### What is being asked
Exactly the lines from the one with "Jaya Bachchan and Rekha face off" through the end of the data below must be set down, and no pictures with them.

[Image-caption web data]
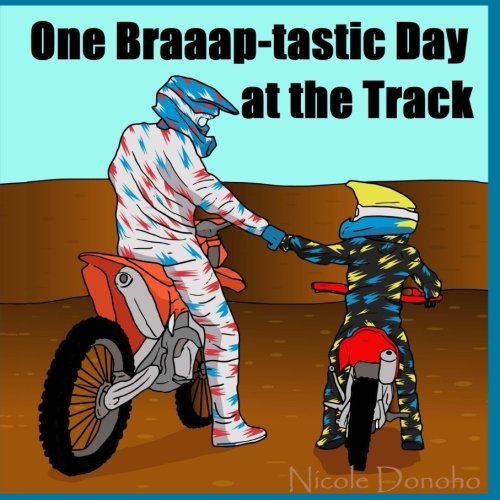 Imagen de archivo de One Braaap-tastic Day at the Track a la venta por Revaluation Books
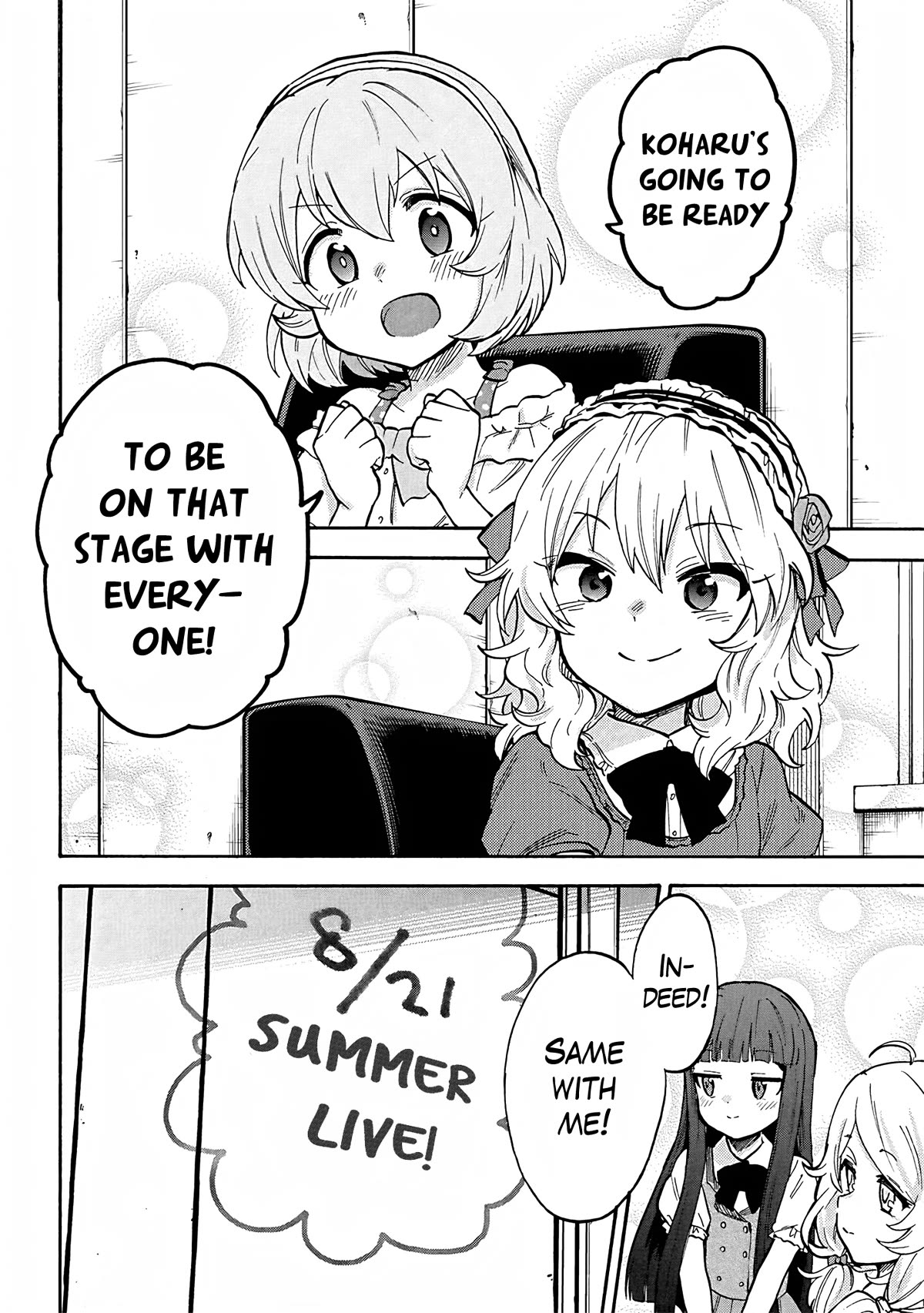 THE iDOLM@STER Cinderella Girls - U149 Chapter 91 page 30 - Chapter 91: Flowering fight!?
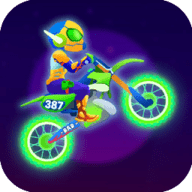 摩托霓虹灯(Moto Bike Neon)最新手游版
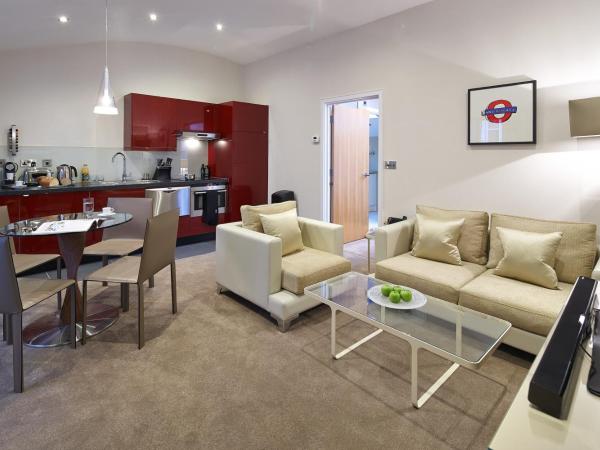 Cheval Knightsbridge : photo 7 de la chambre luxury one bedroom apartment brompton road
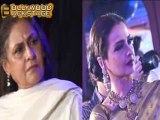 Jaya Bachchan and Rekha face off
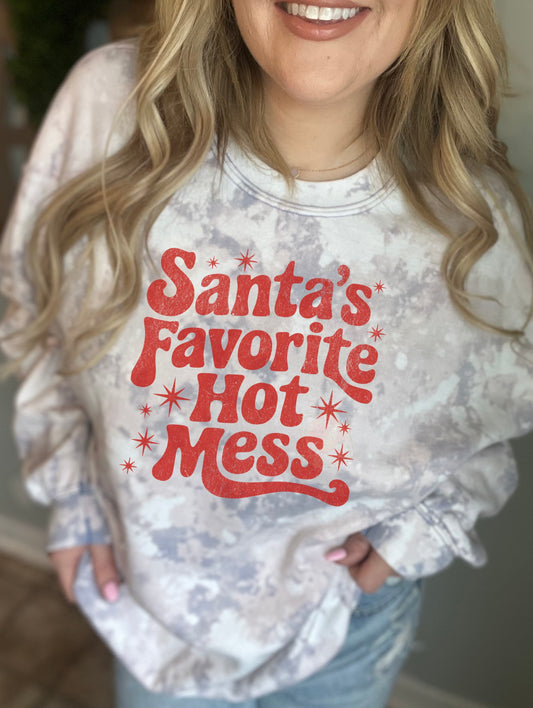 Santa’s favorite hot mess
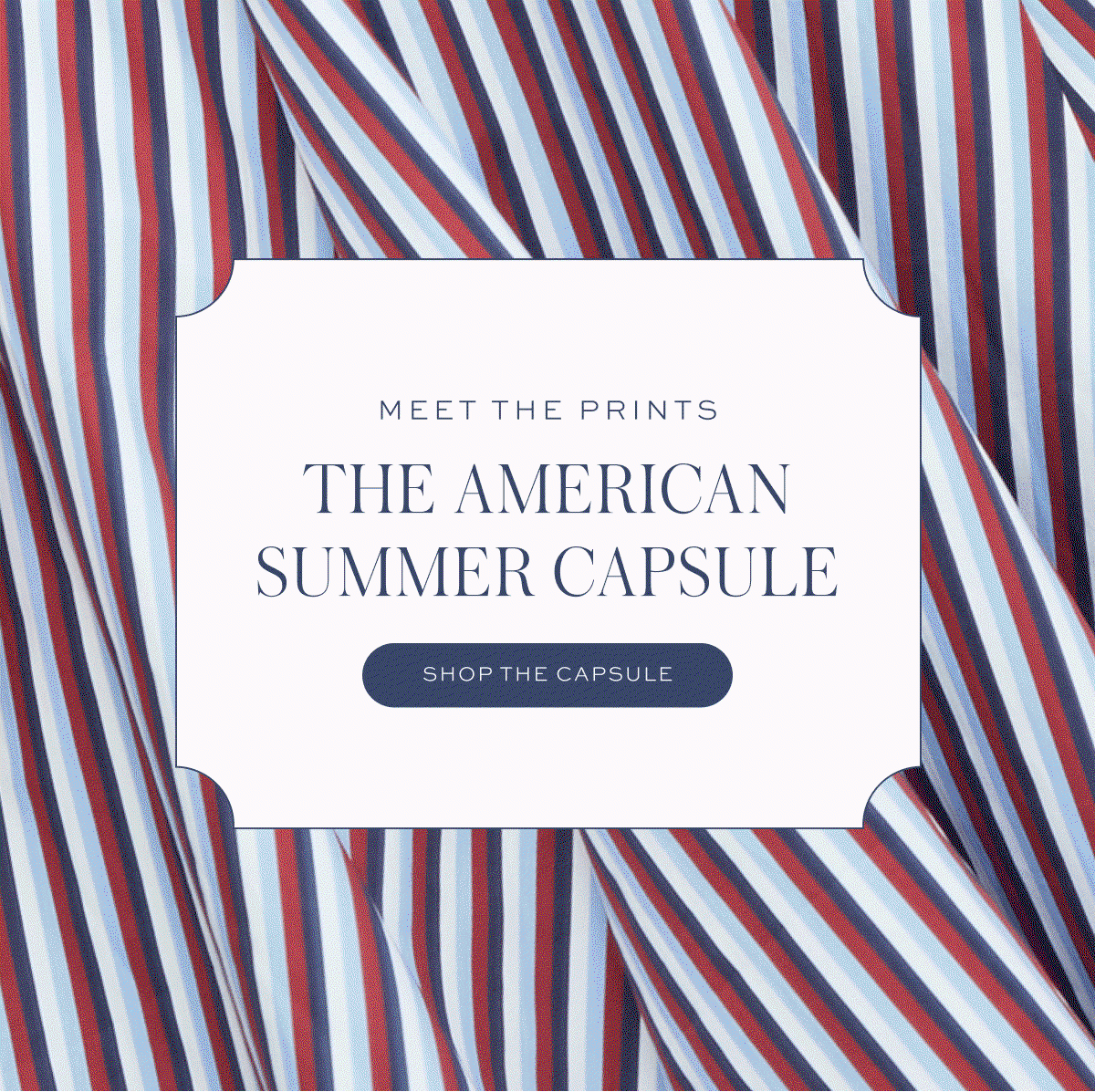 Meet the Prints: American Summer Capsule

### Output of the exercise
 Jaya Bachchan and Rekha face off
 Santa’s favorite hot mess
 Meet the Prints: American Summer Capsule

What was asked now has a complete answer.